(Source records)

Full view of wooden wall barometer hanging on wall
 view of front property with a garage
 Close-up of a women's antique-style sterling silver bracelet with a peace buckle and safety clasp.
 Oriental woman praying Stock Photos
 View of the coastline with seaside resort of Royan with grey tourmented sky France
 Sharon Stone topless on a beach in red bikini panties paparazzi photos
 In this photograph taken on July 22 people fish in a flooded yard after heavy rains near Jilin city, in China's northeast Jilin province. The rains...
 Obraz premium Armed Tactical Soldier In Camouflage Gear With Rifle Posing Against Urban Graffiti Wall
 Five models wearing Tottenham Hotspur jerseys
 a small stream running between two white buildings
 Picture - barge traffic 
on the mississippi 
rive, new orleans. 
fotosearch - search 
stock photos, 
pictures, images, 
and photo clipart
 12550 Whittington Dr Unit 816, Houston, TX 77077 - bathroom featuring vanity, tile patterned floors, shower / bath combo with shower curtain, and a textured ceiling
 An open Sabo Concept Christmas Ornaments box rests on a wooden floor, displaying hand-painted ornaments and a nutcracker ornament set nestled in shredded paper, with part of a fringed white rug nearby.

- **ABOUT THIS EXERCISE**
Copy out the lines starting at the one containing "Picture - barge traffic" and ending with the last line of the entries. Include nothing else.

- **ANSWER TO THIS EXERCISE**
 Picture - barge traffic 
on the mississippi 
rive, new orleans. 
fotosearch - search 
stock photos, 
pictures, images, 
and photo clipart
 12550 Whittington Dr Unit 816, Houston, TX 77077 - bathroom featuring vanity, tile patterned floors, shower / bath combo with shower curtain, and a textured ceiling
 An open Sabo Concept Christmas Ornaments box rests on a wooden floor, displaying hand-painted ornaments and a nutcracker ornament set nestled in shredded paper, with part of a fringed white rug nearby.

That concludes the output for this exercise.